Nor is the goal to educate the public with important pertinent information. Even if York’s hit pieces contained lots of accurate information (and they don’t), you wouldn’t need twelve articles to say “Hey the ideas these people are sharing are harmful in the following ways.” You could say it once and move on to reporting on the many, many, many important stories that are unfolding around the world as we speak. The goal is not to inform.
So what is the goal?
The goal is narrative management.
If you look through York’s smear jobs, you’ll notice many of them aren’t even actually addressed to the public. The ones about Robinson and Hayward are really addressed to the academic institutions which employ them, designed to pressure them into ceasing to do so (and proclaiming victory when that campaign is perceived to have succeeded). This smear piece here was clearly designed to help generate pressure for the Leeds Museum to cancel an event where all three of York’s targets were scheduled to speak, and this one celebrates the Leeds City Council cancelling the event.

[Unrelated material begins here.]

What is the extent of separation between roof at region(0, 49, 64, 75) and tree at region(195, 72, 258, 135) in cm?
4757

If you look at who’s sharing York’s latest smear piece on Twitter, you’ll notice that a weirdly large percentage of them are blue-checkmarked accounts which pour a lot of time and energy into managing the dominant narrative about Syria. I don’t know what chat groups or private message boards this article appeared in, but it generated a lot of social media firepower very quickly.
The purpose of these smear pieces is not to generate clicks, and it is not to inform the public. It’s to manipulate public thought. It’s to deplatform voices which are skeptical of what we’re being told to believe about a nation long targeted by the western empire for regime change, it’s to provide a resource that other narrative managers can circulate and cite in their own spin jobs, and it’s to inoculate the mainstream herd from any potential outbreak of wrongthink.
Nobody sets out to become a propagandist. No eight year-old kid is sitting around dreaming of one day selling her integrity to help the western empire manufacture consent for the deployment of more highly profitable military equipment to yet another resource-rich geostrategic region.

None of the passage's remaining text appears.